The Emmys blew through town recently, a blinged out hurricane of designer gowns, diamond jewelry, limousines and swag. Not only do the nominees and presenters get feted with a gift bag filled with thousands of dollars worth of merchandise, but swag suites abound the entire week preceding the event. And the recipients of all this incredible bounty?
Rich, famous people.
It seems counter-intuitive, but one of the quirks about Hollywood is that after struggling and starving to “make it,” you arrive at a point where you’re rich enough to afford anything your heart desires, but despite your bankroll you get it all for free.
Okay, you’re probably thinking, “And what does this have to do with personal finance?” Well, the whole concept of freebies for the rich and famous is very much analogous to something I like to refer to as “The Halo Effect.” Here’s how it works:
I am an exceptionally fiscally responsible person: I don’t have any debt, I don’t spend more than I can afford and I always pay my bills on time.
Except when I don’t.
It doesn’t happen with much frequency, but on rare occasions my brain stops working and I inadvertently forget to pay a bill. Or, in the case of this past May/June, a couple of credit card bills and my rent.

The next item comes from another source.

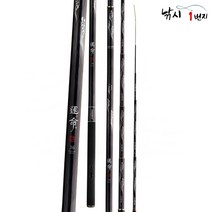 천류 운명 수리대 장절 17 60 바톤대 민물 손잡이대, 60-16바톤대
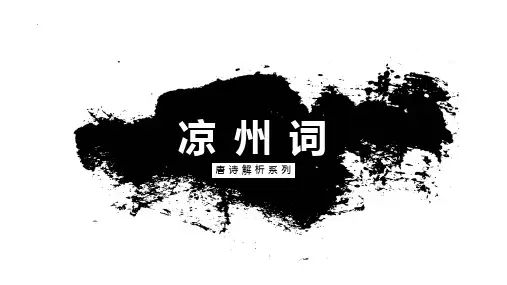 古诗欣赏教育课件公开课《凉州词》PPT课件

Yes, it was June 3rd before a light went off in my brain and I realized I hadn’t made my monthly rent payment which is due on the 1st. I quickly corrected that error (via bank transfer, as fortunately, my landlord is off in England), but it was several days later until I realized I had also neglected to pay two small credit card bills.
I paid them off and waited for my new statement with the inevitable late fees and interest. I know I deserved to be hit with a hefty fee and the associated interest, but the thought of paying a nice chunk of change for a momentary lapse into stupidity really irked me. Until I came up with a way to magically make those charges go away utilizing the Halo Effect.
When the new statements arrived, I called each credit card’s customer service. I explained what happened (I.E. I made up a plausible story that was more persuasive than “I forgot”…) and asked if they could waive the interest and late fees. Which they did without any fuss because I (almost) always pay my bills on time.
There lies the Catch-22 of the Halo Effect: If you’re the sort of person who needs to catch a break from late fees and interest because you’re always being assessed with late fees and interest, you’re not going to have too much luck employing the Halo Effect to save you money. But, if you have good credit and a stellar financial reputation, you probably don’t need to utilize the Halo Effect.
Sure, getting out of financial hot water just when they’ve caught you in a fee seems counter-intuitive, but, hey, we live in a world where rich, famous people get free stuff all the time. Sometimes these things can surprise you.
If you do use the Halo Effect, remember to use it wisely and sparingly.
Have you ever talked your way out of late fees or other penalties? How did you do it?